HDMI ARC and eARC Connection – Explain it to Me Like I’m an Idiot
I see a lot of people posting about their AV receiver or home theater woes. They often mention that they have their AV receiver and TV connected to their HDMI ARC or eARC ports “like they are supposed to.” But when I look at their setup and how they use it, they are not using ARC or eARC. The confusion around the HDMI ARC and eARC connection continues and I’m going to keep writing articles about it until everyone gets it. So, let’s really break this down.
Location of ARC Ports
The output on your AV receiver will almost always be labeled ARC or eARC (or maybe both). That’s a given. But your TV will have multiple inputs. Usually, only one will be labeled ARC or eARC. That input? It isn’t always in the most convenient location. People use this input simply because of the ARC or eARC label. Even when it isn’t necessary.
The Normal Flow of HDMI
The key to the HDMI ARC and eARC connection is the direction. When we connect our source devices to our AV receiver, we don’t need an ARC or eARC connection. Your game console, Blu-ray player, or cable box doesn’t even have one available. They only have an HDMI output that you run to one of your AV receiver’s inputs (none of which are labeled ARC or eARC). This is because the source device (the game console, player, or cable box) is sending the audio and video to the receiver. This is the “normal” direction of the flow of information.
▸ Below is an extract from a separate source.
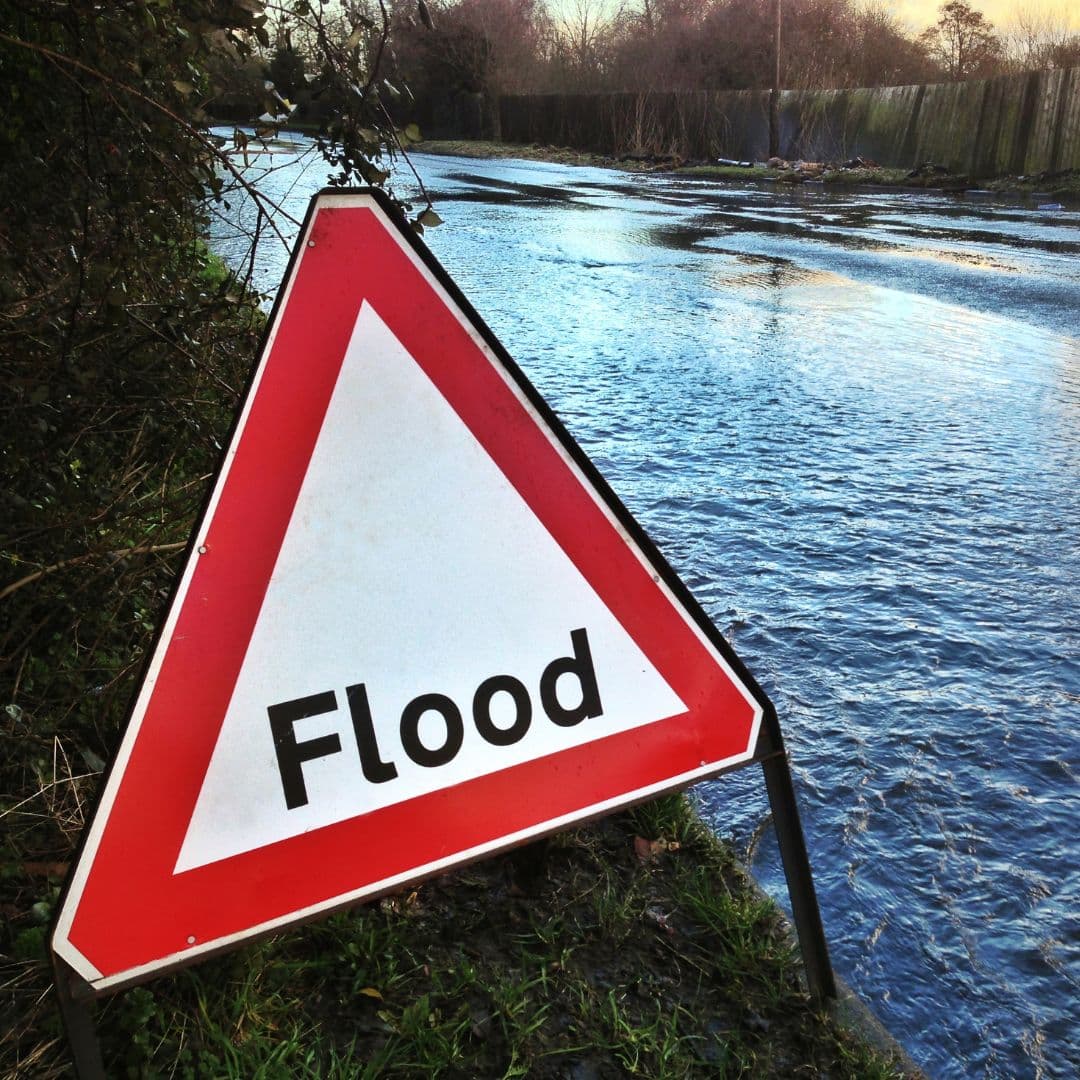 Flood warning sign by a partially flooded road, water covering part of the street. - Home Instead
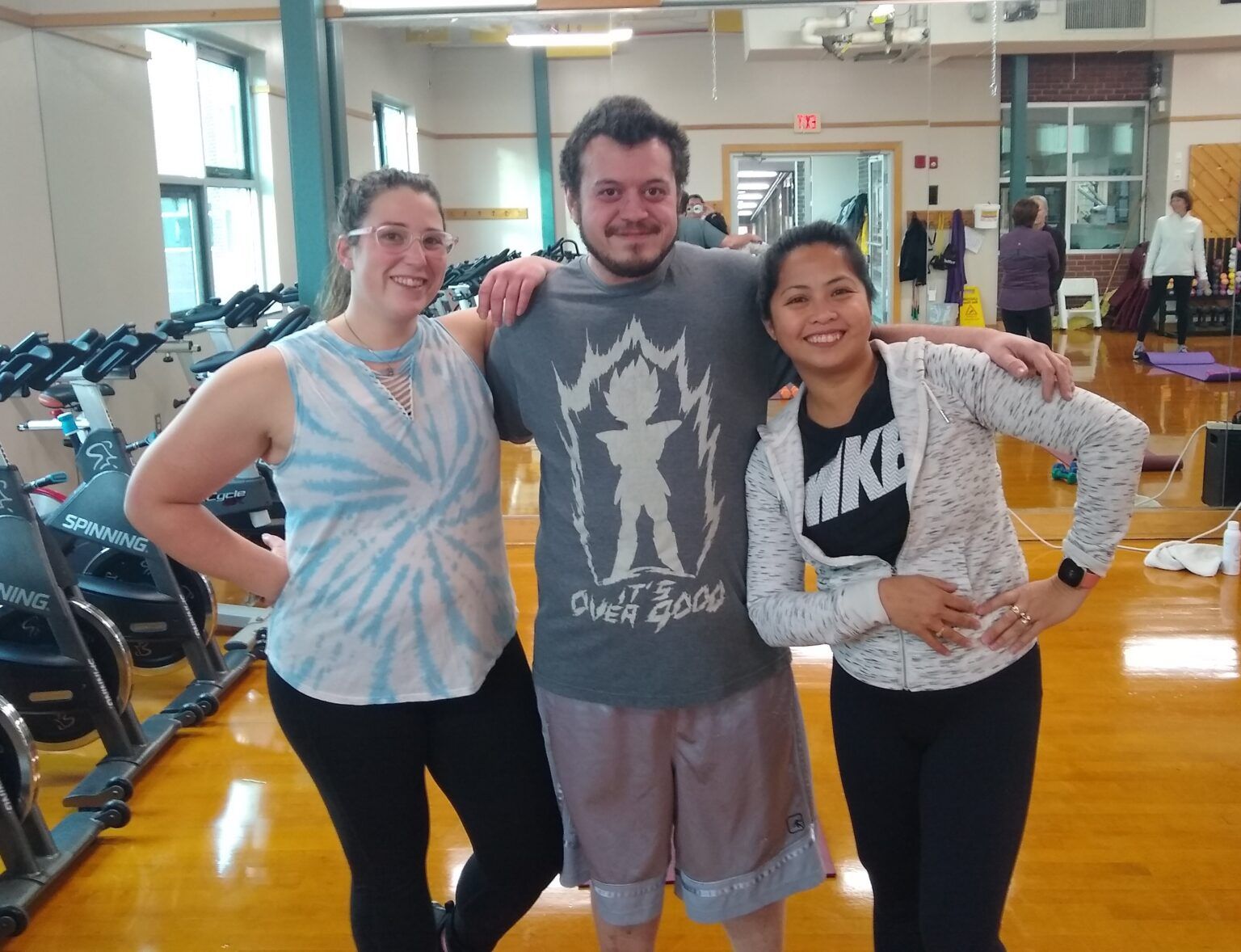Three people smiling, posing in a gym. Woman in tie-dye tank top, man in gray shirt, woman in Nike sweatshirt. Spin bikes in background.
Think of it like a hose. When you connect a hose to your home spigot, the water flows out from the spigot through the end of the hose. Your source device provides the water, the HDMI cable is the hose, and the hose is connected to your nozzle. Your nozzle is your AV receiver. When you depress the lever, the water comes out. In this analogy, when you turn on the AV receiver, the signal is then sent to the TV. The direction of the flow of information never changes. It goes from the source, through your AV receiver, to your TV. As the information passes through, the AV receiver grabs the audio and plays it while it sends the video to the TV. Easy
The Direction of the HDMI ARC or eARC Connection
The problem is that TVs have gotten smarter. They have lots of apps that people want to use to stream content. This makes them not only the designation for the flow of information but a source of new information. But if they are now a source, they are on the wrong side of the normal flow. Sources should be on the other side of the AV receiver! If not, the audio won’t pass through the AV receiver for it to play. While the video is already at the destination, the audio isn’t passing through the AV receiver. Enter the HDMI ARC or eARC connection.
ARC or eARC allows the flow of SOME information to go back through the HDMI connection. ARC stands for Audio Return Channel. Since the TV is on the wrong side of the AV receiver, there needed to be a way for audio to get the sound from your TV’s apps back to the receiver. You could use another cable, but that defeats the whole idea of the single HDMI cable connection between all your devices.
When you use the HDMI ARC or eARC connection, you can now allow the audio from your TV’s apps to flow to your AV receiver with the same HDMI cable.
Who Needs ARC or eARC?
It should be clear that you only need to connect your AV receiver to your TV with the ARC or eARC ports if you are using the internal apps on your TV to stream content. If you have an external streaming box, or use your game console or another device for streaming content, you don’t need ARC or eARC (and we recommend you disable it for a number of reasons). So, if you’ve connected your AV receiver to your TV using the ARC or eARC port and aren’t using the TV’s internal apps, you can use any HDMI input. If that eARC or ARC port is inconveniently located, switch to a preferable one and simply change the input setting on your TV. You’ll experience no difference in your sound or picture.
Nope. Still don’t get it.
E/ARC should simply be an HDMI OUT on the TV and HDMI in for the receiver. Connect everything to the TV and pass whatever signal is on the TV to the receiver. Easy to understand, no need for anything ELSE and all this mess about source and destination.
Your receiver doesn’t have QMS, 8K, 120, etc.? No need to: sound is coming in from the TV. Just decode and amplify.
But no, E/ARC won’t do that. I get the part about internal TV apps. What if I connect my Apple TV 4K to my new G3 because that’s the only way to make QMS work? How do I send the audio from my TV to my receiver to be decoded and amplified?
Remember, I can’t use an HDMI input in my receiver to connect my Apple TV because I lose QMS. Since my TV has no HDMI out, and the receiver E/ARC port is an output one, how on earth do I get my TV to send its audio (that’s coming from my Apple TV) to the receiver?
Why someone thought this mess was a good idea? What was wrong with replacing the optical out with an evolved standard that could pass the audio stream untouched to a decoder+amplifier?
HDCP is the answer. HDMI isn’t about helping you, the consumer. It is about copyright protection. HDMI has HDCP which prevents piracy. Optical does not. And there is the real answer to this entire mess.
I can understand that. Optical had its own quirks. All I’m asking is for a TV putting out audio via HDMI. Put all the HDCP you want in it. Just allow me to have the TV being the source, not the sink, for audio.